A single brilliant decision might create wealth. But the best way to keep your wealth for 100 years is not one brilliant decision, but hundreds of good decisions over many years.
After more than 30 years working with ultra-high-net-worth families — including most recently as CEO of Eton Solutions — I've seen this pattern firsthand.
The most successful families tend to share these four habits.
Creating the right family culture
The most successful families instil a sense of purpose in the next generations. They foster an environment where the children and grandchildren don't feel entitled, but are motivated to make their own way and add value to the world.
In these families, the subsequent generations don't see the wealth as their own, but as something they steward for the future.
Almost all of our clients do a really great job with that.
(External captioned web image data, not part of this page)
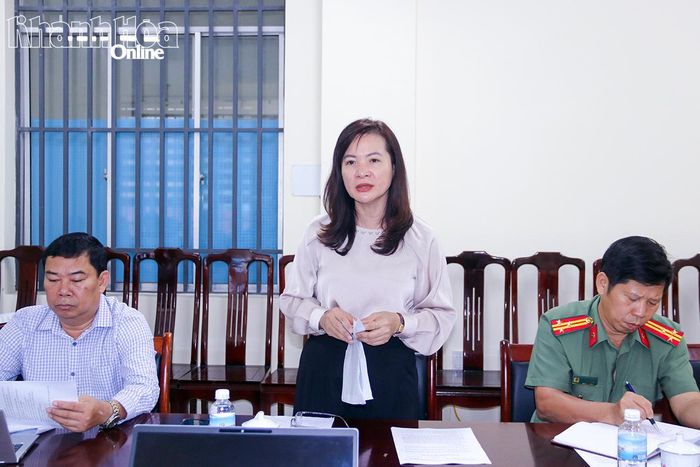 Bà Phạm Thị Thanh Hường - Phó Giám đốc Sở Văn hóa, Thể thao và Du lịch phát biểu tại cuộc họp.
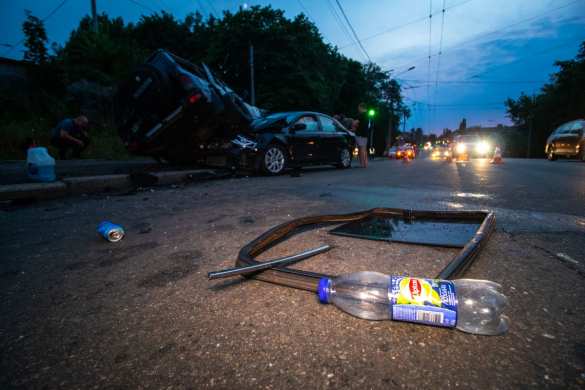 Военные в Киеве раздавили легковушку с ребёнком (ФОТО, ВИДЕО) | Русская весна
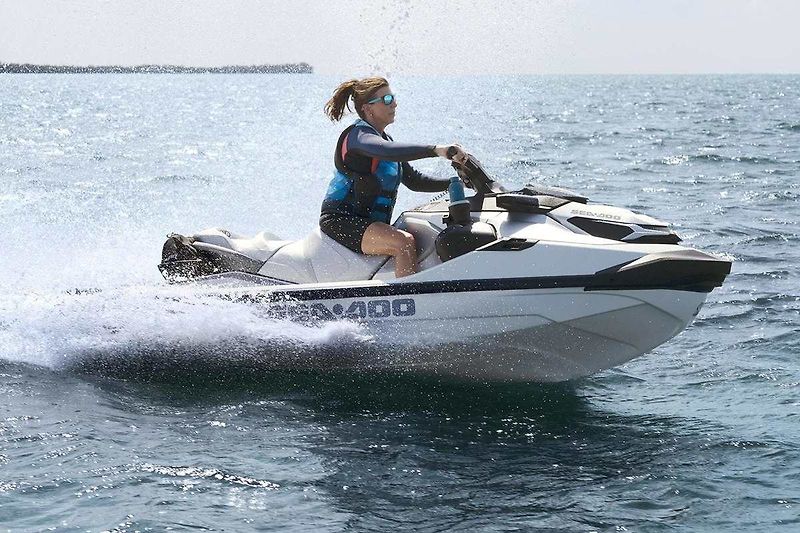 Sea Doo (2025) GTX LTD 3-up 325hp iDF Audio p - fotka 5 z 6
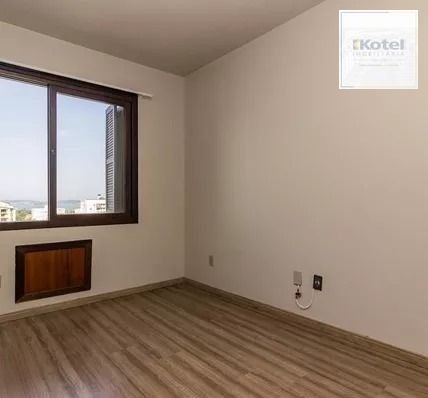 Apartamento amplo no bairro Tristeza de 3 dormitórios e 2 vagas
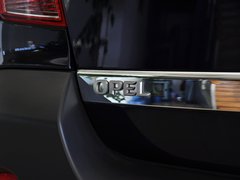 2012款 2.4L 自动 舒适四驱版 5座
I'm often amazed at how successful the second and third generations are in building their own careers and achieving something in their lives, despite not needing to because they already have more than enough money.
Treating tax planning as an ongoing process
The second biggest thing these families do to maintain their wealth is being very intentional and thoughtful about expenses and costs.
Typically, one of the highest costs in these situations is taxes, and how you invest your money can be either incredibly tax-efficient or incredibly tax-inefficient.
For example, you could buy an equity fund where the manager is buying and selling all the time. You'd expect a significant proportion of short-term capital gains to be taxed each year, reducing the client's net return.
An alternative is a tax-loss harvesting strategy, where you buy a basket of stocks rather than a mutual fund and sell positions at a loss to offset gains elsewhere. The gross return expectation is the same, but the after-tax returns are significantly higher.
These wealthy families spend a lot of time hiring people to ensure they're not making tax-inefficient decisions. They don't treat tax planning as a one-time exercise but as an ongoing process that considers every financial decision from all perspectives.
Investing long-term
Another common behavior is buying and holding core assets for long periods to reduce taxes and transaction costs.
For example, if they bought a house in Aspen and held onto it for decades, the asset's appreciation is likely to be significant and outweigh the cost of maintaining it over time.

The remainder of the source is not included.